The Iowa network is one of the oldest government telecom systems in existence,
but the debt it accrued over its history rendered the system unsustainable. Other
municipal “broadband busts”
include Provo, Utah, Lafayette, Louisiana, and the N.C. Eastern Municipal Power Agency.
FSF President Randolph May concluded
in a blog last year that the “common
denominator” among these and other government-owned systems is this: “Because of almost universal cost overruns and less than
projected demand for the services offered, taxpayers typically are left to bear
the burden of the ensuing financial distress, either by providing direct
subsidies from government coffers or by providing indirect subsidies through
premium guarantees for bond offerings used to finance the projects.” Running
a telecom network is a complicated, capital-intensive, and risk-laden venture
that should be left to the private sector, unless private
operators have not shown a willingness to provide service.

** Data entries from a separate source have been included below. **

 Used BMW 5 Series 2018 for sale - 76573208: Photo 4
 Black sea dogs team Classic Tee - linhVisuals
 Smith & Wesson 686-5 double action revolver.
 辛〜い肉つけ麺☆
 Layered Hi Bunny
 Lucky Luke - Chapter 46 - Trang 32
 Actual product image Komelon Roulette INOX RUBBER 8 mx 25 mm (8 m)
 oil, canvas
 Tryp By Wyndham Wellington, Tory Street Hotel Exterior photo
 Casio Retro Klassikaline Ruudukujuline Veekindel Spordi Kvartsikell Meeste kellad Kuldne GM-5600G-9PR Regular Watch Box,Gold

FSF scholar Seth Cooper also
highlighted the problems with empowering local governments to directly compete
with private broadband Internet providers in a February 26 Perspectives. He found that in addition to exposing local taxpayers to
financial risk and wasting community resources, allowing governments to assume
“a dual role as public authority and as competing business proprietor poses
inherent conflicts-of-interest for local governments. Such conflicts lend
themselves to abuses of government power.” He also found that FCC preemption of
state safeguards on government-owned broadband projects to prevent such abuses
may exceed FCC authority and violate constitutional federalism principles. As
such, both legal and policy-driven analyses support leaving broadband network
ownership and management to the private sector.
Luckily for Burlington, Mayor
Weinberger seems to have chosen to divest the city from the telecom business.
He stated that private
investors have a better chance of competing successfully in the “highly
competitive, quickly evolving and capital intensive” telecommunications
business, and he is right.
Chairman Wheeler recognized in his
recent statement that since 2009, nearly $250 billion in private
capital has been invested in U.S. wired and wireless broadband networks. Telecommunications companies are leaders
in domestic capital investments. AT&T and Verizon ranked in the top five “U.S. Investment Heroes of 2013,” together investing $34.5 billion last
year. The telecommunications and cable sector was responsible for $50.5 billion
of investment in 2013, comprising more than one-third of total capital investments
in the U.S. economy. And since 1996, cable operators have invested
over $200 billion into broadband infrastructure. Additionally,
private sector investors — and not local taxpaying residents — bear the
financial risks should private systems falter.
As Free State Foundation scholars
have frequently discussed, broadband
investment will continue to come from the private sector if the proper policies
are promoted. The FCC should focus on policies to incentivize private
investment and remove barriers to broadband build-out. However,
government-operated networks are not the solution to promoting broadband
deployment, as the widespread failure of these systems continues to prove.